A 15-25 storey Alt or Moxy would kill it in this location.
Also.... Montreal has really similar economics when it comes to the rental market, but I've noticed they're able to build concrete high rise. The overall architecture for new products is much better.
Lower incomes here (Montreal), too. I don't think we're getting the full story from developers in Edmonton.
I'm not so sure that Montreal really has similar economics. This is anecdotal, so take it with a grain of salt, but my impression was that rent was cheap
if you lived in an older building, in a non-renovated unit, without a dishwasher/in-unit laundry, and so on. My third-story walkup apartment in Rosemont got extremely hot in the summer and had terrible soundproofing, but I didn't really care because I was paying ~$1000 for a 4 1/2. Montreal's vibrancy benefits a lot from the fact that artists, students, etc. can get by in this huge stock of older, livable but not entirely pleasant housing. We'll see if this situation survives the end of the lease transfer—there's tremendous anxiety about rising cost of living.

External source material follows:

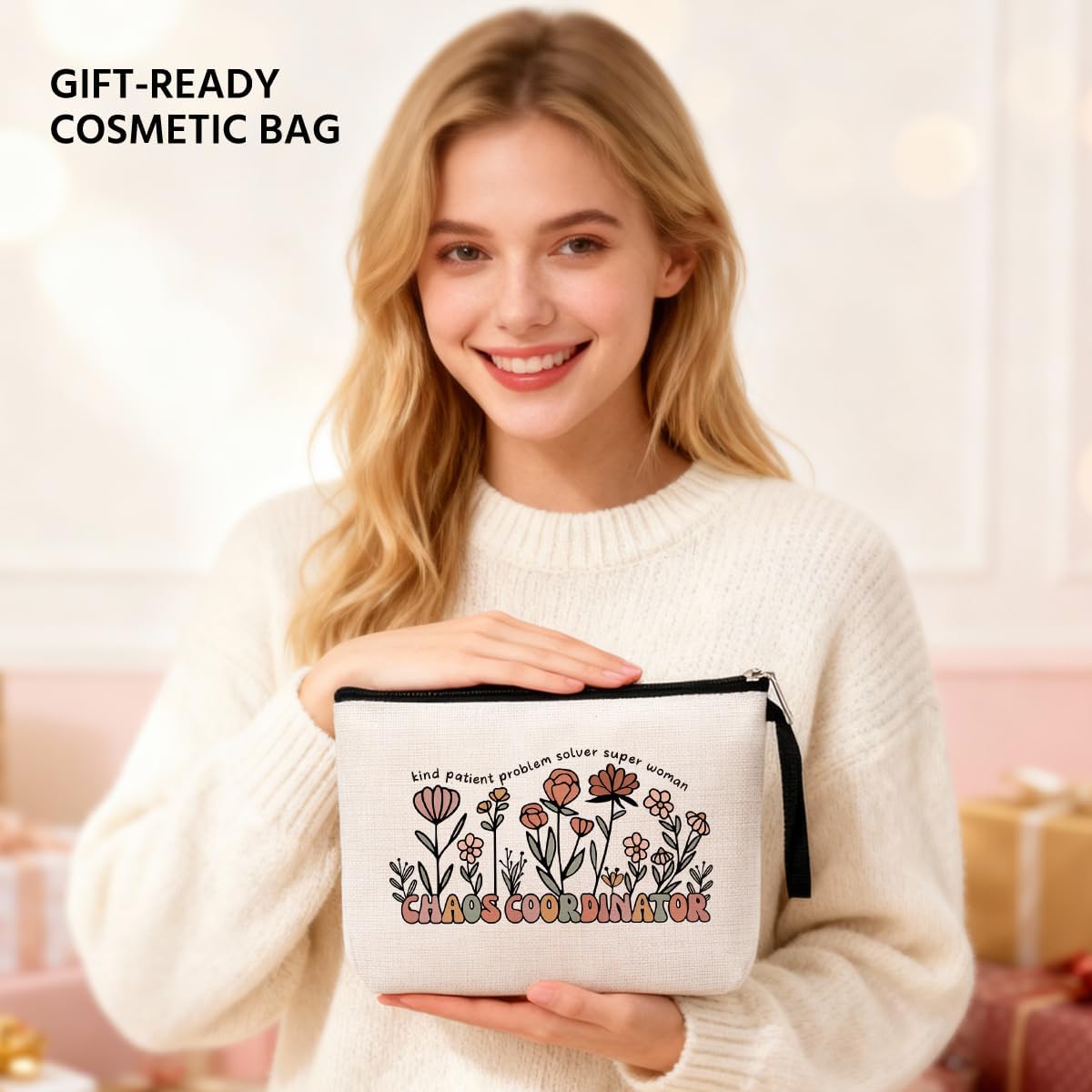 Chaos Coordinator Gifts for Women Thank You Gifts Teacher Appreciation Chaos Coordinator Makeup Bag Coworker Gift for Women Social Worker Mom Friend Toiletry Bag Birthday Gift Cosmetic Bags - Image 6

I had friends who lived in new builds in Griffintown, and I got the sense that
they were paying a good deal more than people would pay for comparable units in Edmonton. My sense is also that a lot of the newer rowhouses in Rosemont, Villeray, etc. are condo, not apartment, and condos in Montreal are much more expensive than in Edmonton. So for a builder, I think the situation really is quite different between the two cities.